I got up once during the night; the view was great. I could see the lights from the stars, the moon and the surrounding area as well as the mountain. I got up after 6 to
see the sunrise – astounding.
The Final Stretch
We then had a 4-day trek down the Hushe Valley, and from there, back to civilization (well, sort of). The descent down the green pastures and wild
flower meadows of the Hushe Valley provided a spectacular contrast to the stark, barren landscape of rock and ice on the Baltoro, with the welcoming sight and
rich aroma of grass, wildflowers and juniper trees. These lush green valleys provide summer pastures for the sheep and cattle.
Tired but feeling
the "heavy air" of lower reaches, we celebrated with our superb staff and porters.

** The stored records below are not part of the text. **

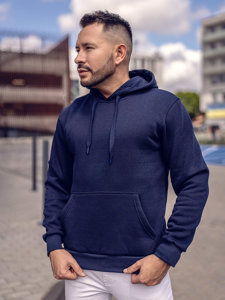 Bolf Herren Kapuzenpullover mit Kängurutsche Dunkelblau  1004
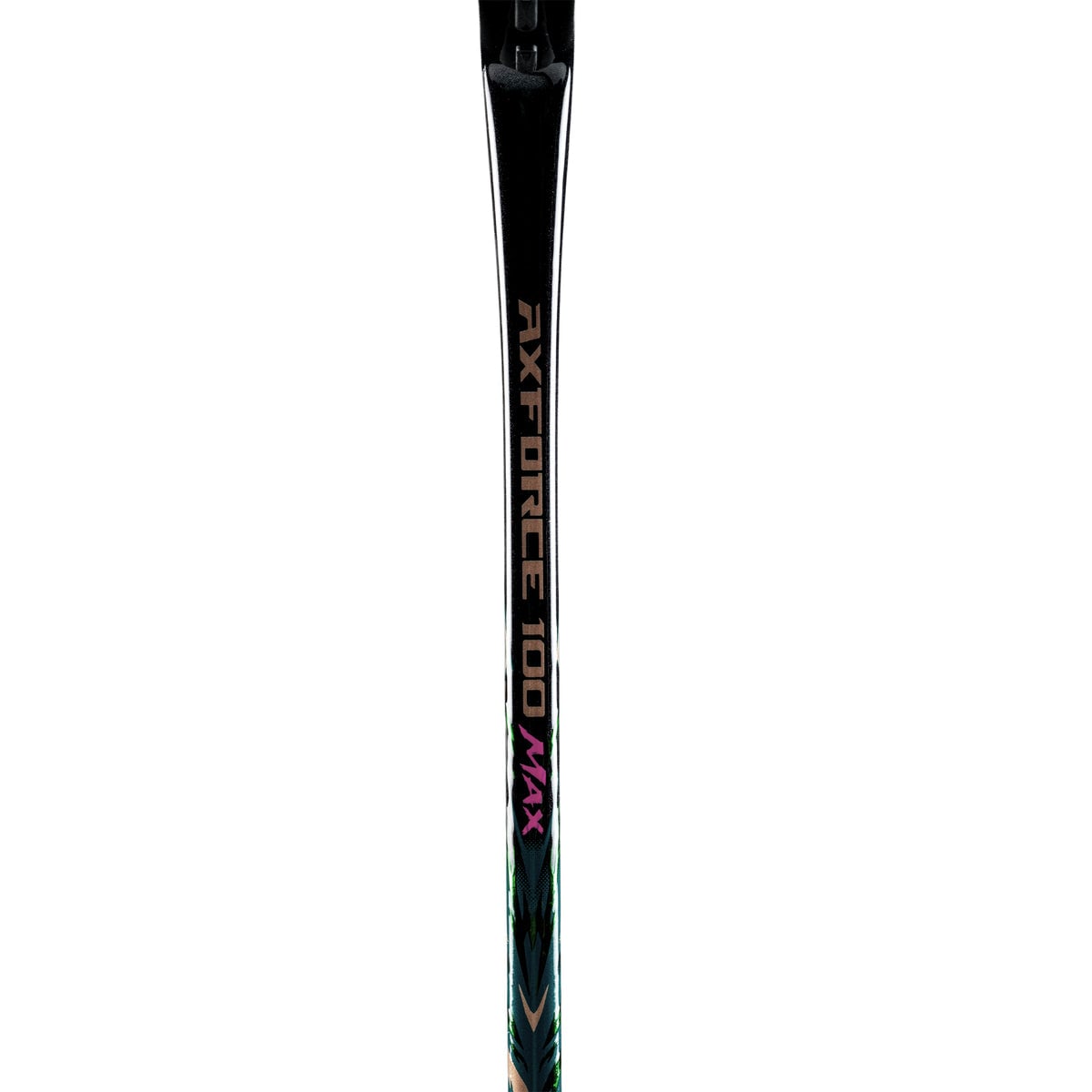 Cận cảnh đũa vợt Lining Axforce 100 Gen 2 Max in chữ AXFORCE 100 màu đồng và chữ MAX màu hồng tím trên nền đen bóng, phần dưới đũa chuyển xanh lục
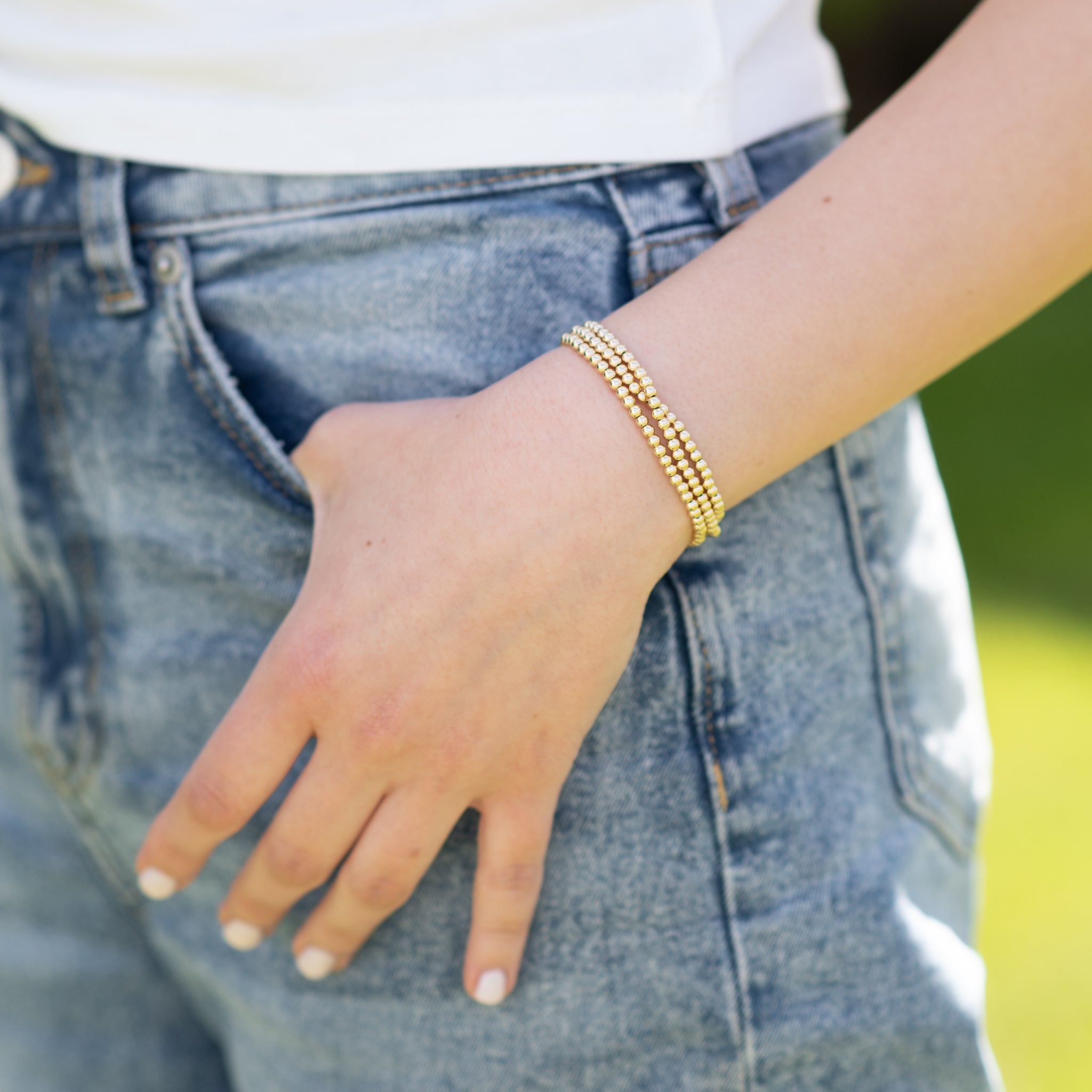 3mm 14k Gold Filled Beaded Bracelet - Jewel Ya
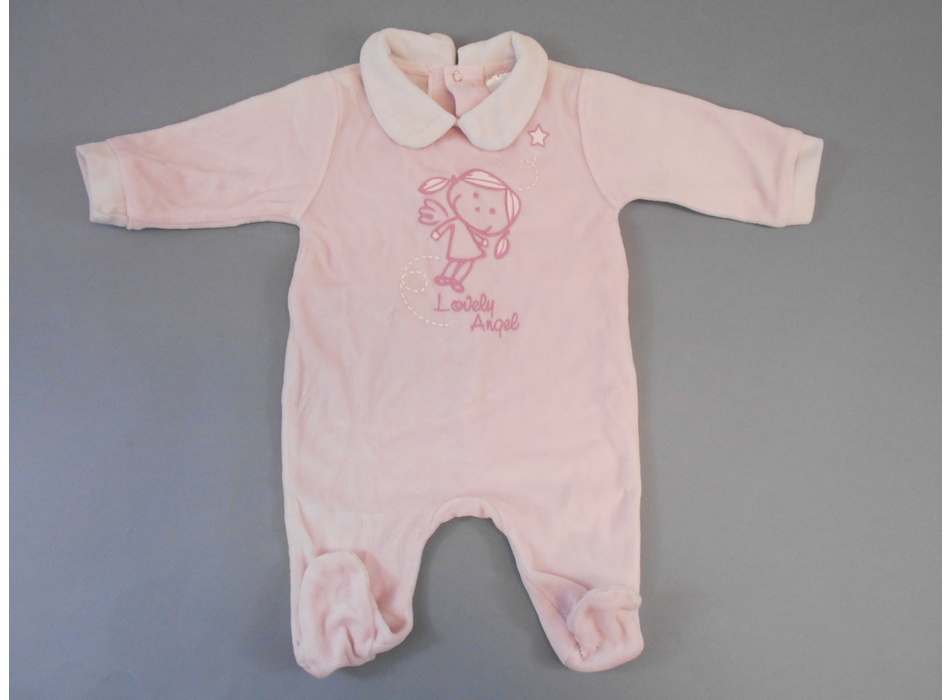 Pyjama Velours Rose Rayé - Petit Bateau - Pyjamas | Mon Petit Doudou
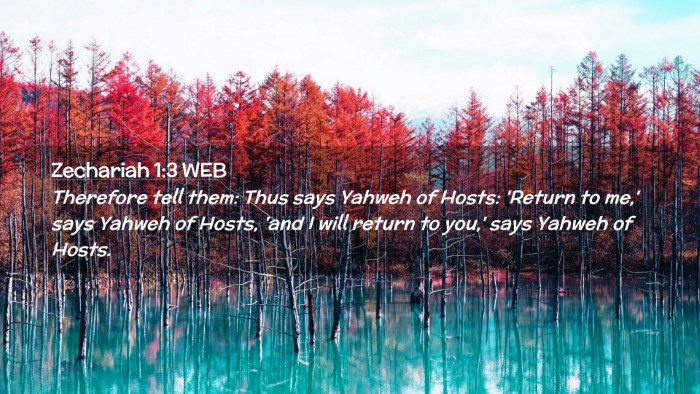 Picture 02 - Zechariah 1:3 WEB Desktop Wallpaper - Therefore tell them: Thus says Yahweh of Hosts: - Desktop Bible Verse Wallpaper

These porters are definitely some of the fittest people. They are known to cover the whole distance from Concordia to Askole within two days. To top it off, they do it with smiles on their faces! Our porters were most hospitable and helpful. Listening to their stories on climbing and trekking expeditions was an experience
in itself. These humble people are so content making a living out of guiding people around Baltistan and taking care of them at the same time.
It was also great to have a few days chatting with the porters, learning about their culture. They are all Balti, the local ethnic group, directly related to the
Tibetan people, converted to Islam a few centuries ago.
At the end we got together for mutual thanks and presentations. A couple of songs were sung in local Balti. We gave each porter a $60 dollar tip. $100 for Aman and $200 for Anwar. After dinner, we partied. Stars were in in the sky and on the dance floor. Our handsome porters danced with pride, dignity and grace. This night and many others, the sight and sound of these special and hardy men unreservedly rejoicing in song brought tears to many eyes. It’s a
sound that will always take us back to this place. Our successful crossing of Ghondokoro La also gave us time to explore the Hushe area; we met warm and generouslocals who offered us delicious fresh yoghurt, butter and bread.
We were able to relax in Hushe Village, a welcome end to our journey on the trail, before our jeep ride back to Skardu. After signing in and looking at the souvenir shop, we went to our accommodation and to well earned showers.
There were too many special experiences to recount here. Suffice it to say that we grew closer and closer as a group and shared "a trip of a lifetime".